From what I've seen, someone with couch potato, sickbeard and a place to get
content will have a far, far better media experience than any subscriber to
any existing service (terrestrial, satellite, internet, etc...). Pick your
show or movie (whether it's out yet or not), your resolution requirements if
you want to be picky (whatever is out there, or must be blu ray, or must be
DVD quality, etc...), and just watch it arrive. New episode hits air? You get
an email shortly after telling you you have it and it's ready to play.

You cannot pay for any service close to this.

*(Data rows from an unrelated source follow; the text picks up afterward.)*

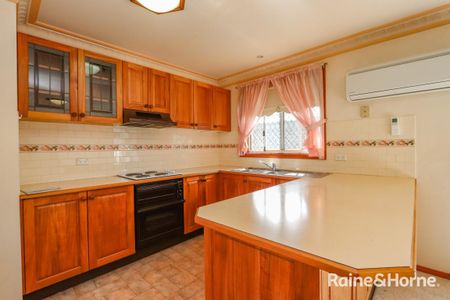 GREAT UNIT LOCATED IN CBD- Available 19/6/26 - Photo 3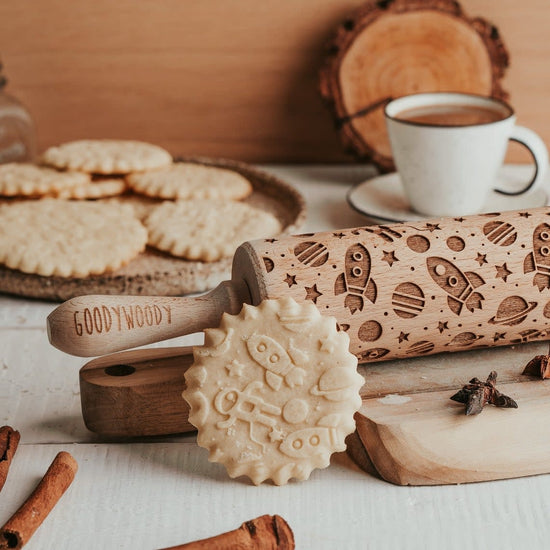 Embossed Rolling Pin - Cosmos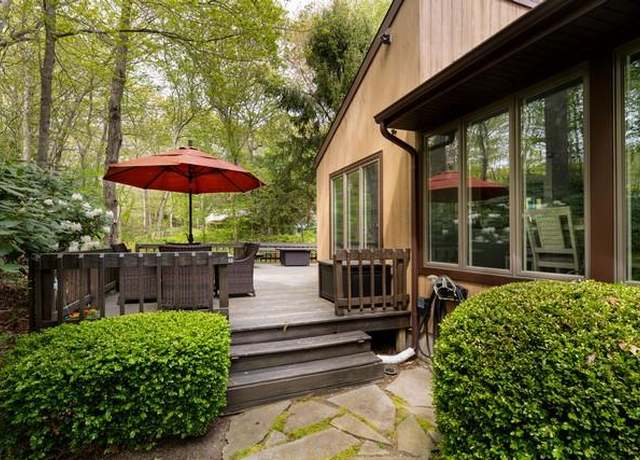 Property at 6 Circle Dr, Shoreham, NY 11786, 4 beds, 3 baths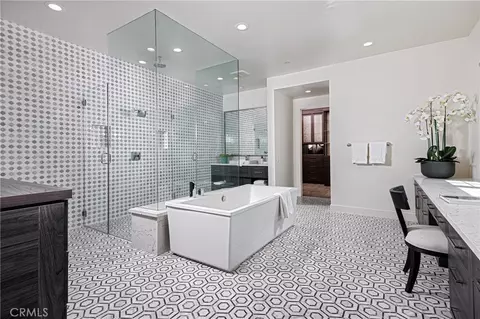 Bath - 79 Eider Run, Irvine, CA 92618 photo 1 of 6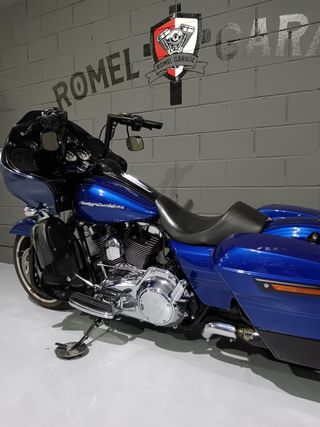 Harley Davidson Road Glide Special Azul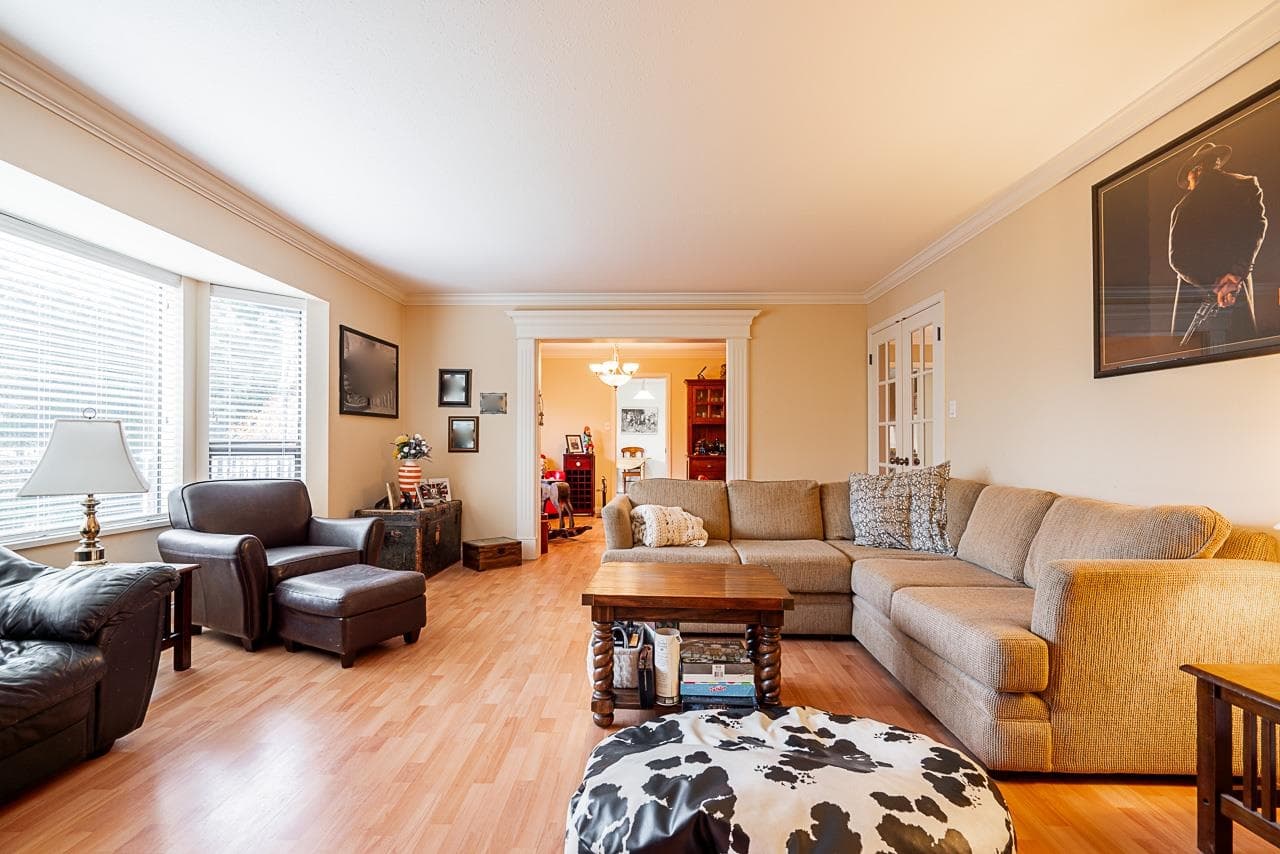 15576 Buena Vista Avenue, White Rock, V4B 1Z2 — photo 2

This is a completely upside-down world.

------
Derbasti
I fully agree with this for buying stuff. Sadly, the industry currently does
not offer enough stability to guarantee that I will be able to watch an
online-bought movie download on my next computer five years in the future.
Hence, I don't buy downloadable movies.

For renting however, I think this list is far too stringent. I don't care
about copy protection, subtitles, languages etc if I rent a movie online. I
will watch it only once, anyway. If the feature set is ok for that one time,
it's fine.

As for prices, no need for fancy rules: If it's too expensive, don't buy it.

My very simple rule concerning piracy: If the movie is available for rent in
the language I want, I will pay money to get it. If I think it is worth
buying, I will buy the DVD/BluRay. If it is not available legally, I will
pirate it.

------
tzs
Dup

<http://news.ycombinator.com/item?id=2176804>

------
hessenwolf
They could make it cheaper with ads in it.